• _TASK DIRECTIONS_:
Given the entries below, would you transcribe exactly the lines starting at the one with "Another cool trick" and ending at the one with "Although it can't", both kept, pictures omitted, nothing extra?

• _DATA LISTING_:
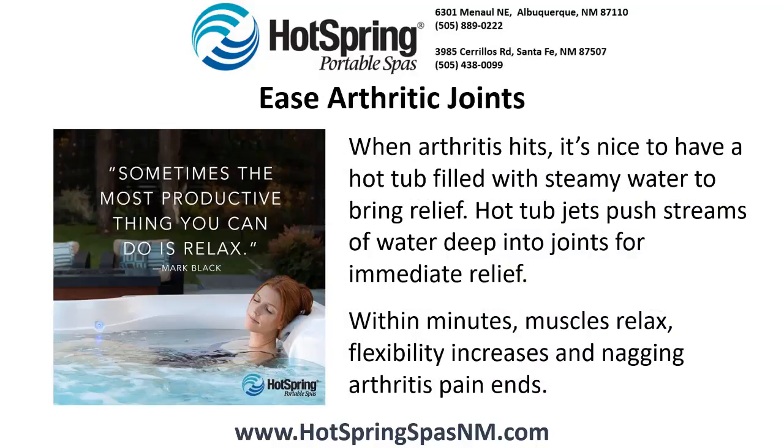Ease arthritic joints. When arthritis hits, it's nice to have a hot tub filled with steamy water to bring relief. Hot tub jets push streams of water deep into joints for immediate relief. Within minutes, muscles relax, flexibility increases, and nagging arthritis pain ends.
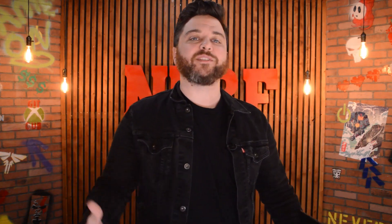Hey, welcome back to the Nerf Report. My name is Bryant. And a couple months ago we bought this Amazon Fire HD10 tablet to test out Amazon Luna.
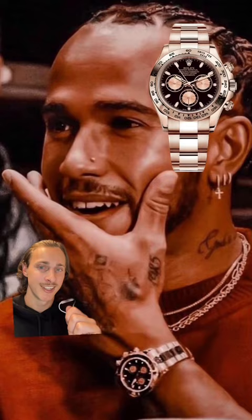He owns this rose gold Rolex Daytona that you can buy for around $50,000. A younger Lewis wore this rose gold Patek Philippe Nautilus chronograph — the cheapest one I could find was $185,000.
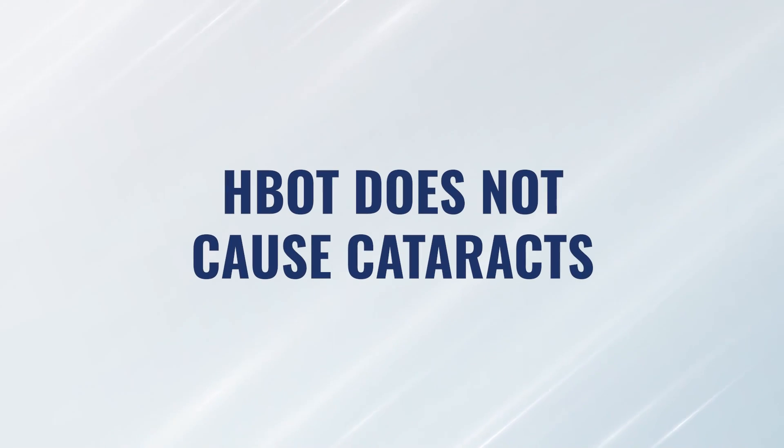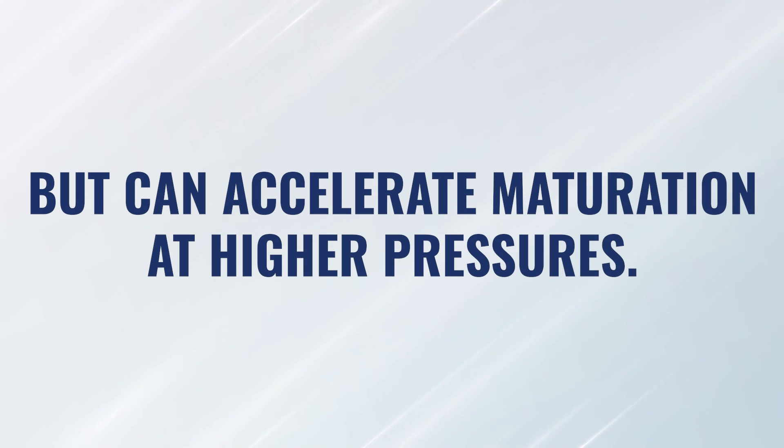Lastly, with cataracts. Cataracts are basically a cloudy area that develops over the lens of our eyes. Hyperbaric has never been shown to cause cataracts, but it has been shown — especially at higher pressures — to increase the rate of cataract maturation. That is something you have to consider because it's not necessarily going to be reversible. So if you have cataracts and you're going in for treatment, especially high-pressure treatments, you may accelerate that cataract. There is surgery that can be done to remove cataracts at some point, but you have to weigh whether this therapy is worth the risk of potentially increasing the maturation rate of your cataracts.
...
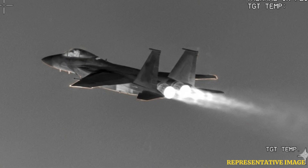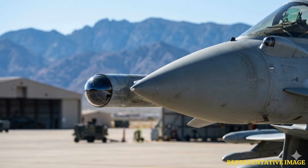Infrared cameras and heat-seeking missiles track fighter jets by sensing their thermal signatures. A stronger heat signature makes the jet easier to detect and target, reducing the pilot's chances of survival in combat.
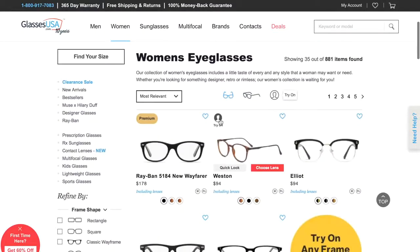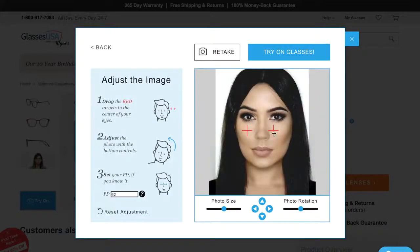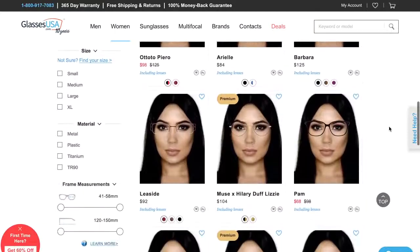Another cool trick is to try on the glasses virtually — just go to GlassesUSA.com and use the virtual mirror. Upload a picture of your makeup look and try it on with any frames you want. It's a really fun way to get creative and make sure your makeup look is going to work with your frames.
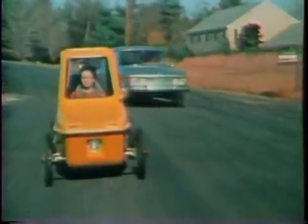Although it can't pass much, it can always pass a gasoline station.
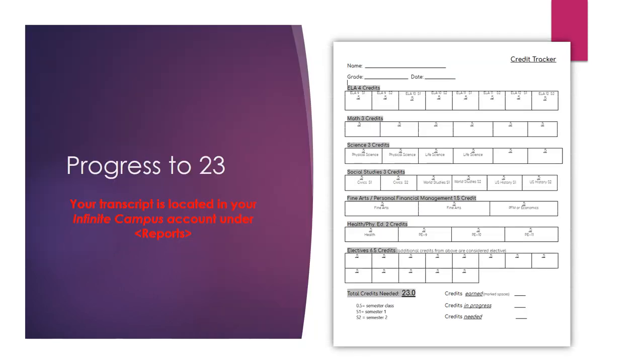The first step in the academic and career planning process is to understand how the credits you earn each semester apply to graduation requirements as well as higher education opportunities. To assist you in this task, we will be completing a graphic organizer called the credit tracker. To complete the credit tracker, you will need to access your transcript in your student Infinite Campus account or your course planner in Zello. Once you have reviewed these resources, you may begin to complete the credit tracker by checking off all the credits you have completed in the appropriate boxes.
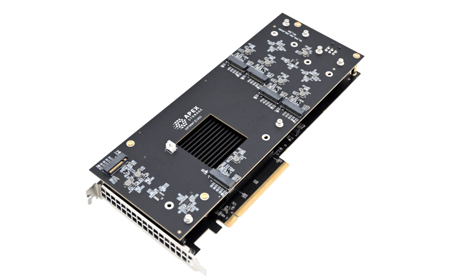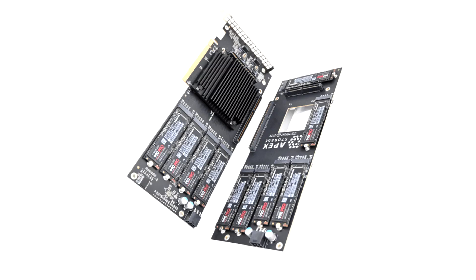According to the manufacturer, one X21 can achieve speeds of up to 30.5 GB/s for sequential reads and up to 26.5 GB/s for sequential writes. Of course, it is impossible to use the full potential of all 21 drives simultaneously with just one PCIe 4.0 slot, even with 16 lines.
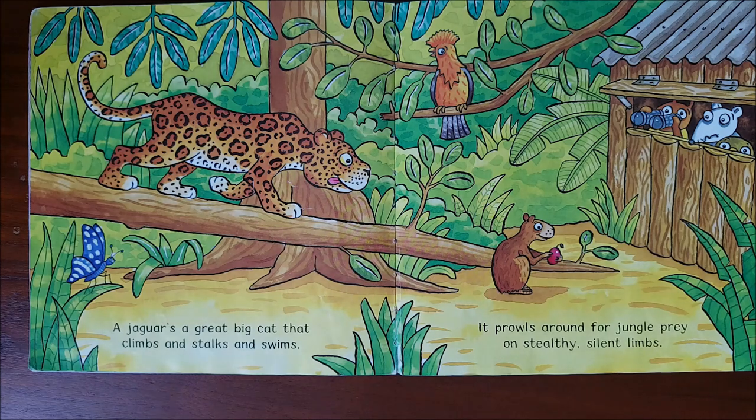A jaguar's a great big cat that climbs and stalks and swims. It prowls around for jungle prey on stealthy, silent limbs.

• _REPLY_:
Another cool trick is to try on the glasses virtually — just go to GlassesUSA.com and use the virtual mirror. Upload a picture of your makeup look and try it on with any frames you want. It's a really fun way to get creative and make sure your makeup look is going to work with your frames.
Although it can't pass much, it can always pass a gasoline station.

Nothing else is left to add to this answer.